1st Edition

Psychoanalytic Understanding of Violence and Suicide

Edited By Rosine Jozef Perelberg Copyright 1999

    Although there is a vast literature on aggression, comparatively little has been written on the issue of violence and even fewer clinical discussions have been published on the violent patient.

    This pioneering book presents a collection of case studies on the intensive psychoanalytic treatment of patients who have committed serious acts of violence against themselves or others. Each detailed clinical account demonstrates the effectiveness of the psychoanalytic treatment and furthers our understanding of the nature of violence.
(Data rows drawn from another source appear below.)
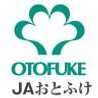 ＪＡおとふけ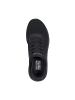 Skechers Slipper in schwarz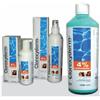 NEXTMUNE ITALY Srl Icf Clorexyderm Soluzione 4% Disinfettante Cani E Gatti 1000 Ml
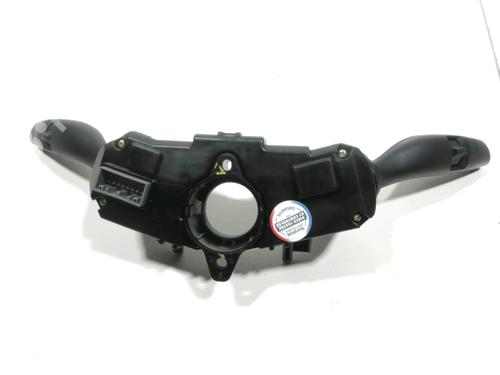 Steering wheel controls KIA PROCEED (CD) 1.6 CRDi 136 | BP28226961E15 - Image 2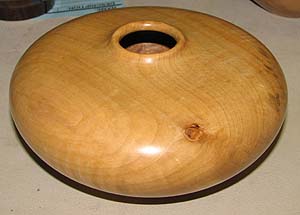 Floyd Pedersen – 1654_dec08
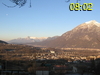 ore: 08:02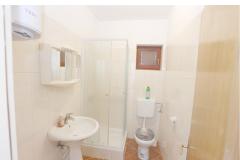 Appartements Nina Apartment 1 – apartman 1 foto 3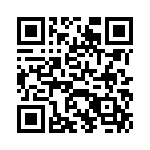 VI-J5Y-IX-B1 QRCode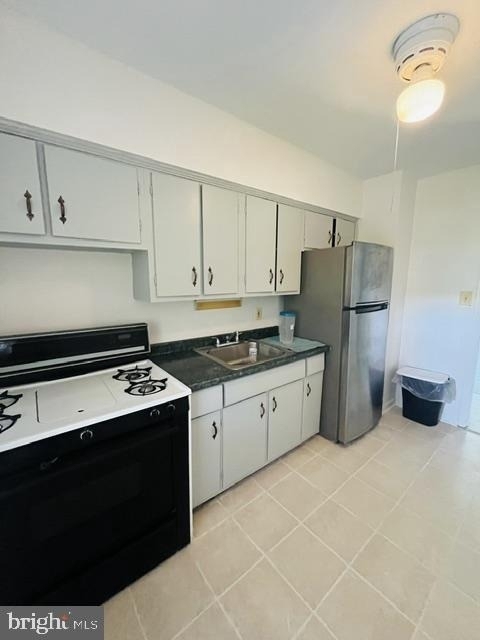 2707 Shirey Avenue - Photo 2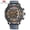 Mf0025g.01, variant on MINI FOCUS Mens Watches Top Brand Luxury Fashion Sport Clock Waterproof Design Quartz Wristwatch Leather Strap Relogio Masculino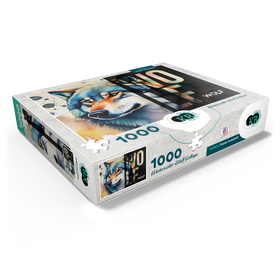 1000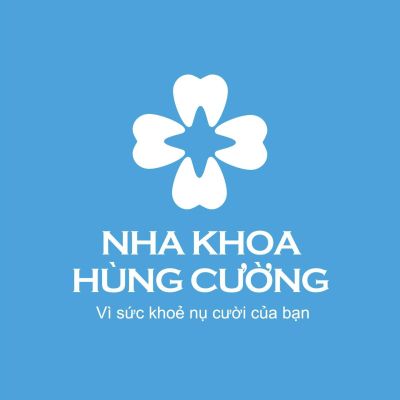 NHA KHOA HÙNG CƯỜNG - BẮC GIANG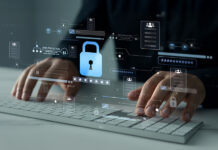 MeitY releases 含羞草社区 Digital Personal Data Protection rules India Digital Personal Data Protection Rules 2025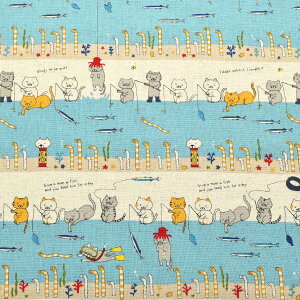 ނLƃ`AiS@ȖLoXn@ KTS7137@Rbg΂₵@(50cmȏ10cmPʐ؂蔄)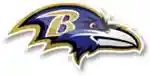 Baltimore Raven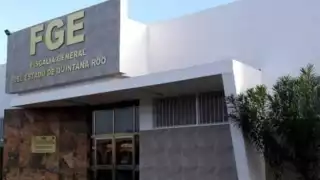 La falta de respuesta de la Fiscalía a las preocupaciones de la sociedad civil generan llamados urgentes a la acción.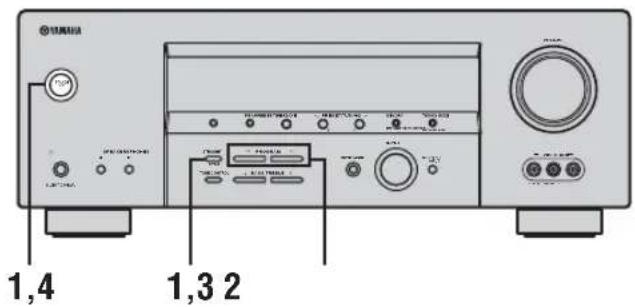 CD-ROM 1,4 1,3 2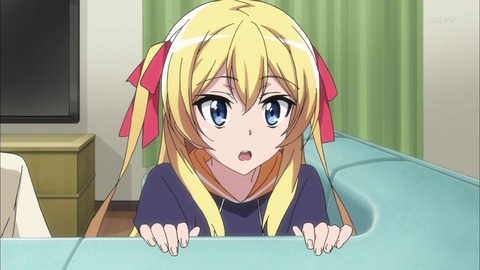 hikari4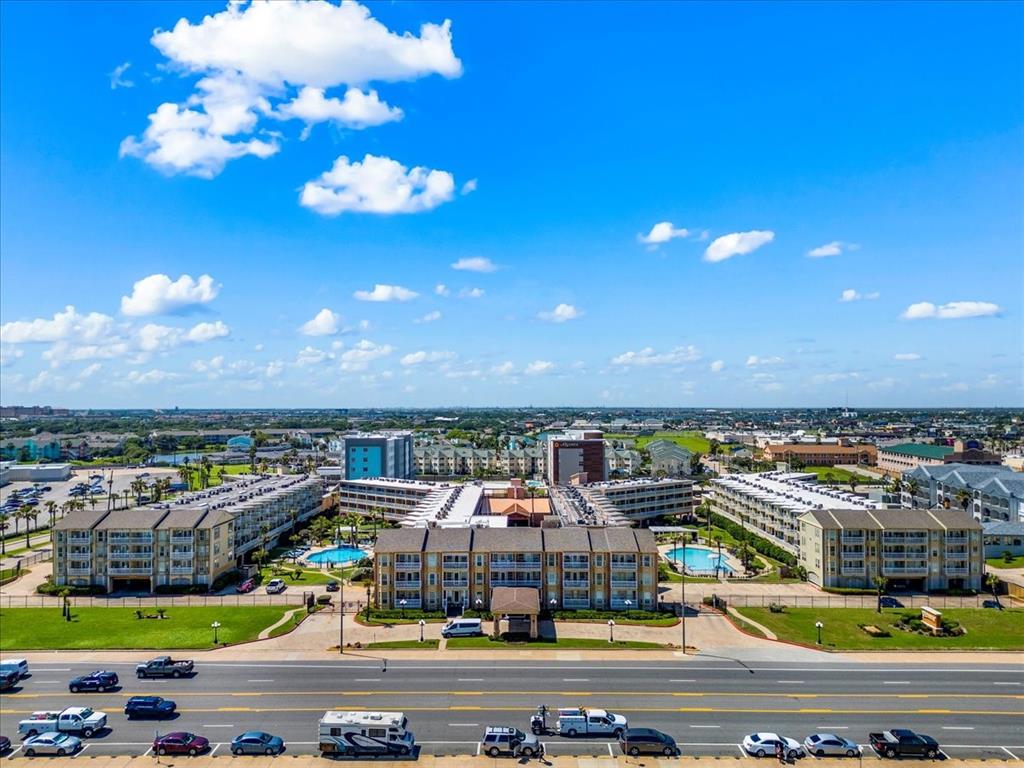 6300 Seawall Boulevard #6208, Galveston, Texas image 25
    The Psychoanalytic Understanding of Violence and Suicide also contains a comprehensive review of the existing literature on aggression and violence from America, England and France, presenting major themes contained in this literature which will be of interest to all those working with violent and suicidal patients.

    Shengold, Foreword. Britton, Preface. Jozef Perelberg, Introduction. Jozef Perelberg, Psychoanalytic Understanding of Violence and Suicide: A Review of the Literature and Some New Formulations. Fonagy, Target, Towards Understanding Violence: The Use of the Body and the Role of the Father. Campbell, The Role of the Father in a Pre-suicide State. Jozef Perelberg, A Core Phantasy in Violence. Bateman, Narcissism and its Relation to Violence and Suicide. Davies, Technique in the Interpretation of the Manifest Attack on the Analyst. Schachter, The Paradox of Suicide: Issues of Identity and Separateness. Fonagy, Final Remarks.

    Biography

    Rosine Jozef Perelberg is a Training Analyst of the British Psychoanalytical Society and Honorary Senior Lecturer in Theoretical Psychoanalytic Studies at University College London. She is researching a project at the Anna Freud Centre which offers subsidised analysis to young adults and is also in private practice.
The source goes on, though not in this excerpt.